This article is more than 4 years old.

Amazon founder Jeff Bezos’ rocket will likely delay launching tourists until at least 2020, according to reports.

This confirms rumors that Blue Origin was planning to delay on its 2019 launch date, which it was holding to as late as May. “By the end of the year, we are going to be flying humans on top of this rocket,” Ariane Cornell, director of astronaut and orbital Sales for Blue Origin, said in a livestream that month.

New Shepard’s spacecraft is designed to bring people into space for a few minutes at a time to let them glimpse the blackness of space and the curve of the blue Earth. But Blue Origin wants a few more test flights to ensure the rocket is safe enough for people.

“We hold ourselves to very, very high standards here,” CEO Bob Smith said in a recent CNBC interview. (Forbes has reached out to Blue Origin for comment.)

“We’re never going to fly until we’re absolutely ready,” Smith added in the interview. “I think we have a very, very good amount of confidence around the system itself. I think it is working very, very well. But we have to go look at all the analysis, and then convince ourselves that we’re ready to go. ... So it probably will be next year.”

Tickets for these first flights are expected to cost hundreds of thousands of dollars per person at the beginning, then come down to something more affordable in the coming years.

Bezos has said he sees Blue Origin as his legacy company, once calling it “the most important work I’m doing” because it aims to make the experience of space more affordable for tourists in the long run. He said he is glad to spend his money there to improve the experience of humanity, who would get to see Earth from space and potentially move further out in the solar system. (On a related note, Blue Origin has made a robotic lander for future moon missions called “Blue Moon”, which could support NASA lunar operations.)

Regardless of their flight status, Blue Origin is taking a hold on geek popular culture. The company was the subject of a gag in a recent episode of tech company comedy Silicon Valley this month, when a character angry at Amazon made a remark about where Bezos could put one of his “rocketships”.

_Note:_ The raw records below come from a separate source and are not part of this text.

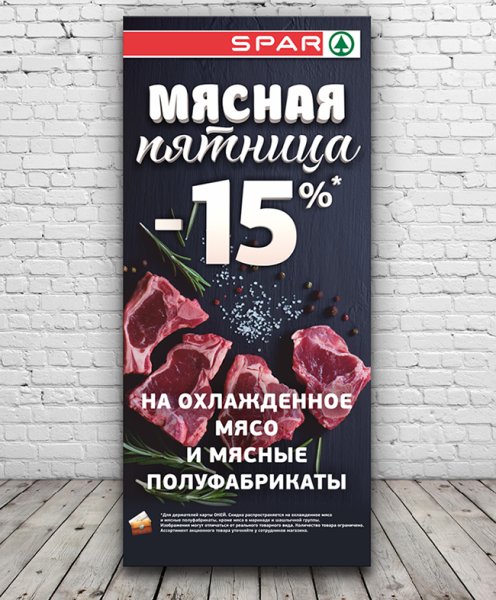 Дизайн Roll-up баннера для компании "Interspar"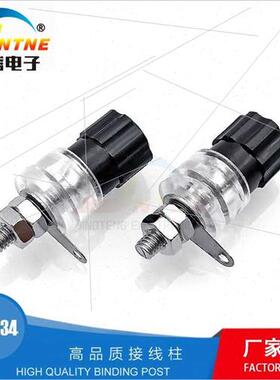 Crystal Terminal Block Speaker Audio Amplifier Junction Box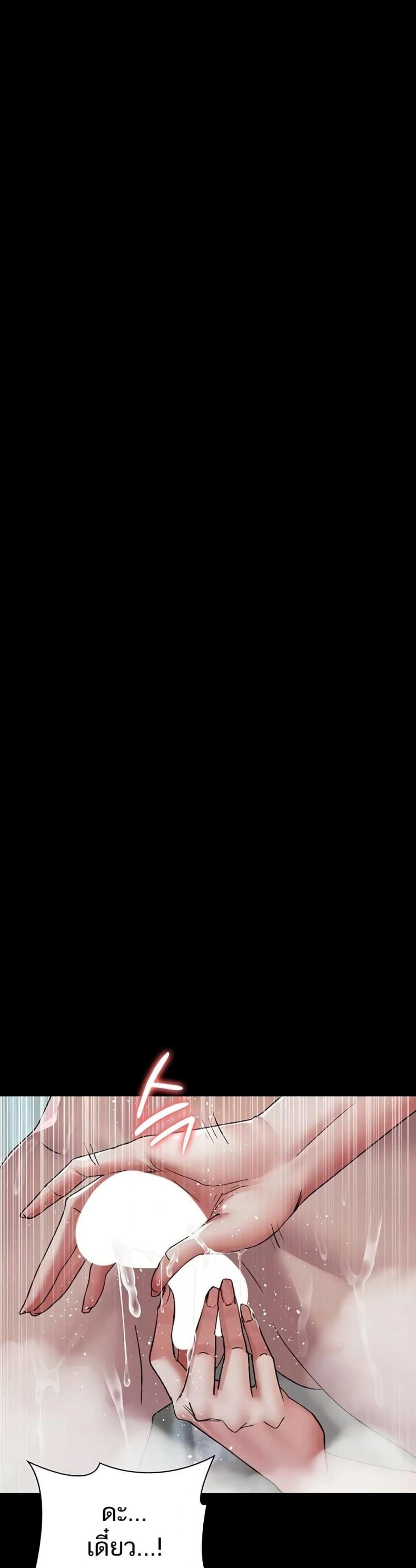 page-41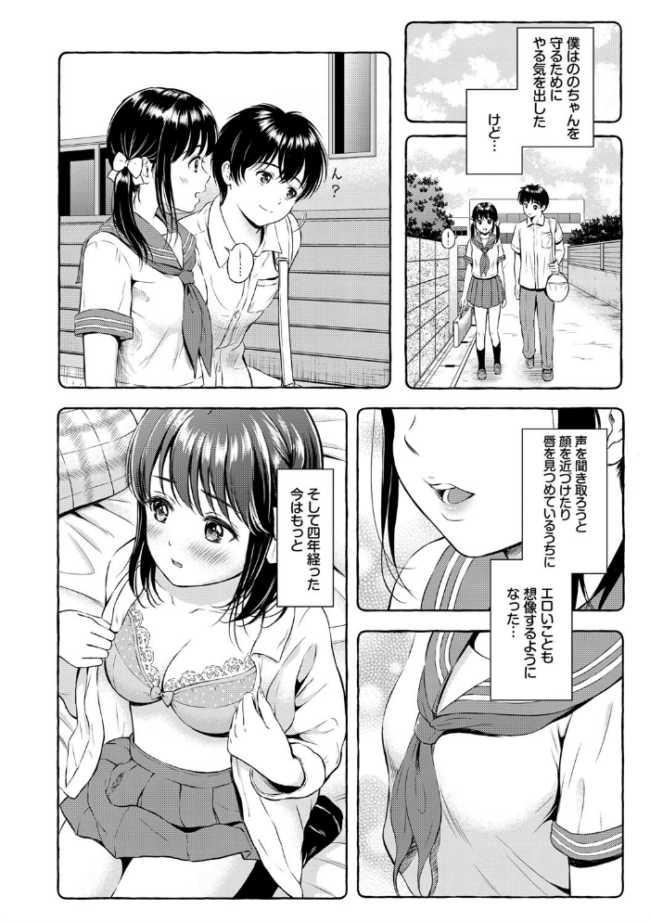 ね、いいよ。【FANZA限定】【電子限定版】 花札さくらの コミックバベル編集部 サンプル画像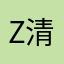 z清酷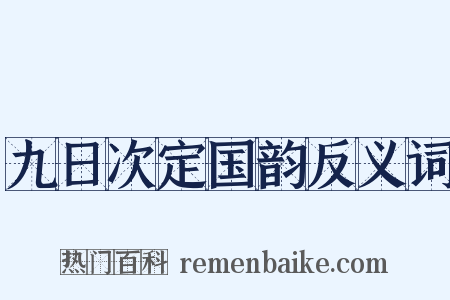 九日次定国韵反义词是什么意思的图片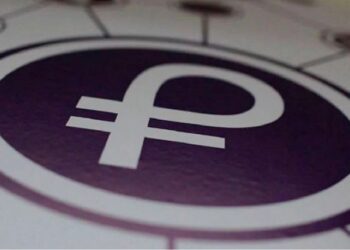 El petro dejará de existir este lunes 15 de enero 2024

Bezos’ Blue Origin isn’t the only space tourist company facing delays. Richard Branson’s Virgin Galactic had hoped to fly tourists as early as 2007, but a series of production delays and a fatal accident in 2014 pushed operational flights back to at least 2020. That said, the company has made multiple test flights beyond the Federal Aviation Administration’s definition of space at 50 miles. This is still, however, below the 62-mile “Karman line” boundary accepted by space authorities around the world.